Though the CAIB and this book share many of the same concerns about the accident, the authors raise a more fundamental one regarding NASA’s very existence. This concern centres on the political climate that now engages NASA. In the beginning, NASA was a political instrument with the very singular task of landing people on the moon and safely returning them to earth before the year 1970. Yes, in their time they had trials and disasters, but they were focussed and, more importantly, they had the support of the politicians words and especially the budget allocations. NASA succeeded in their task and deserved all the accolades given them.
Today NASA is drastically different. It has no singular goal and it seems to drift from one purpose to the next, as depending on the whim of the party in power. Further, most politicians happily vouch their support for space exploration yet almost yearly force a decrease in NASA’s budget. On top of this, NASA has gotten itself into a program bind. The shuttle’s reason for existence is to build the International Space Station (ISS). Yet the goal of the station itself appears to be mostly to provide rationale for the shuttle’s existence. Neither have strong justification for existence on their own nor do either have an apparent succession plan other than complete replacement. Through an executive order the shuttle is forbidden from launching commercial satellites and when flown for experiments, as Columbia was, there is precious little justification for the $500 million launch cost. NASA is unfocused and unsupported and needs to pull together to define a goal which would clearly places a value on programs, schedules and safety.

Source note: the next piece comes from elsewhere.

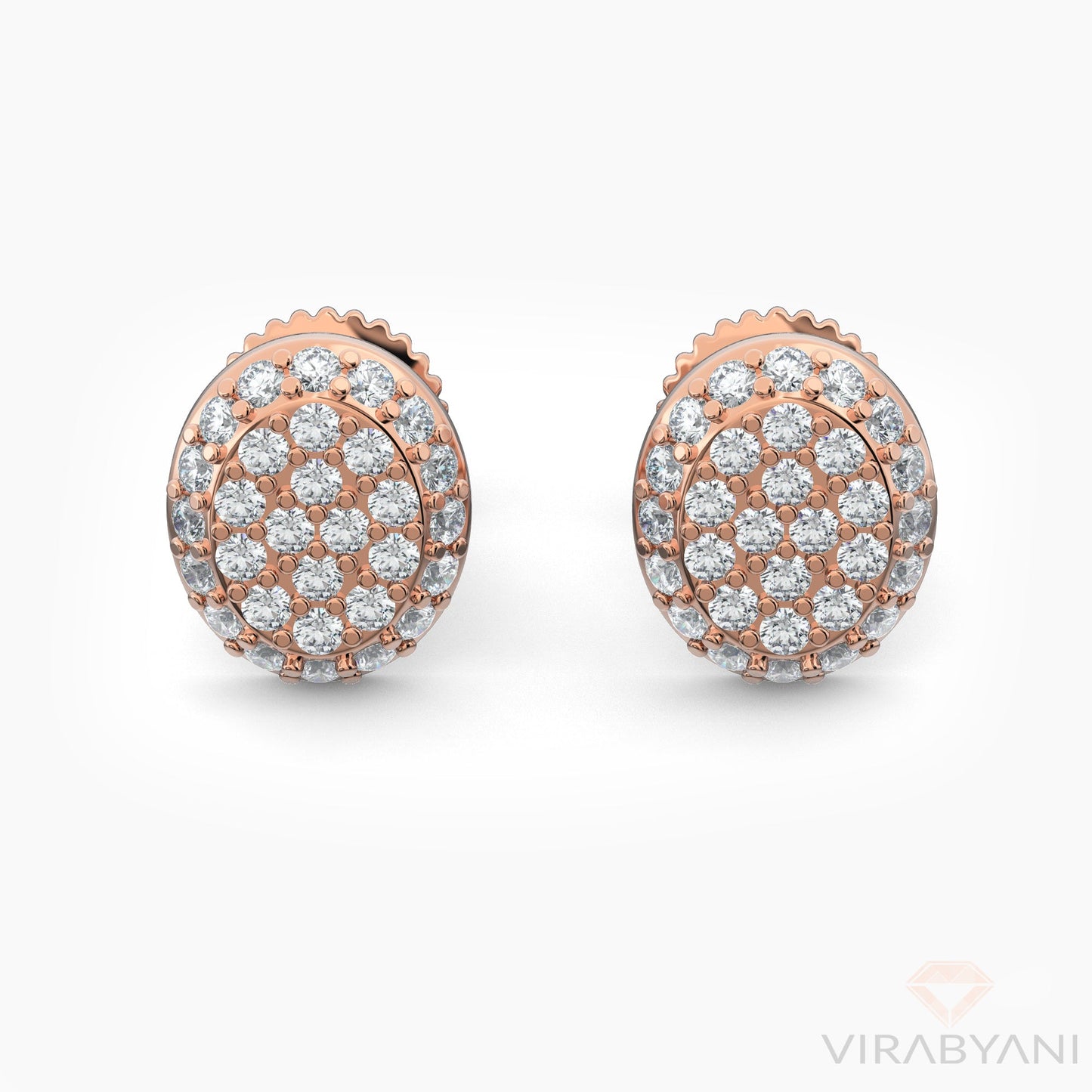 Oval Shaped AMoré Pavé Stud Earrings With 0.50 ct. Diamonds - 18K Rose Gold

Cabbage and Harwood have written an engaging text that strongly focuses on the people directly involved with Columbia’s final flight. Part of it is like a testimonial to the crew and clearly we see the sacrifice made by the crew. I like the chronological narration particular in the rendition of what happened while Columbia was flying in orbit and the ground crew thought there was a problem but couldn’t prove it.
However though there was a lot of personal information sometimes it was excessive. The text contains the complete academic background and most of the career progression of the main individuals. Further, this information appears to be copied straight from a dossier rather than determined from personal interviews. I would have preferred more insight into the person’s feelings than their work accomplishments.

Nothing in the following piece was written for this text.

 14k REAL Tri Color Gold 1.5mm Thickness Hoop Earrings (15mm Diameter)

In Comm Check… The Final Flight of Shuttle Columbia, Michael Cabbage and William Harwood co-author an easy to read book that portrays the main people involved with the Columbia accident and the events surrounding it. Though there is no vilification of any person, and none appears to be due, there is a sense that something is not quite right at NASA. Reading this book will remind you of the sorrows of the second loss of a shuttle and will also give you a feeling of how close the United States is to cancelling any future human space flight. This would be a significant decision and reading this book may help you decide where you want to vote on this issue.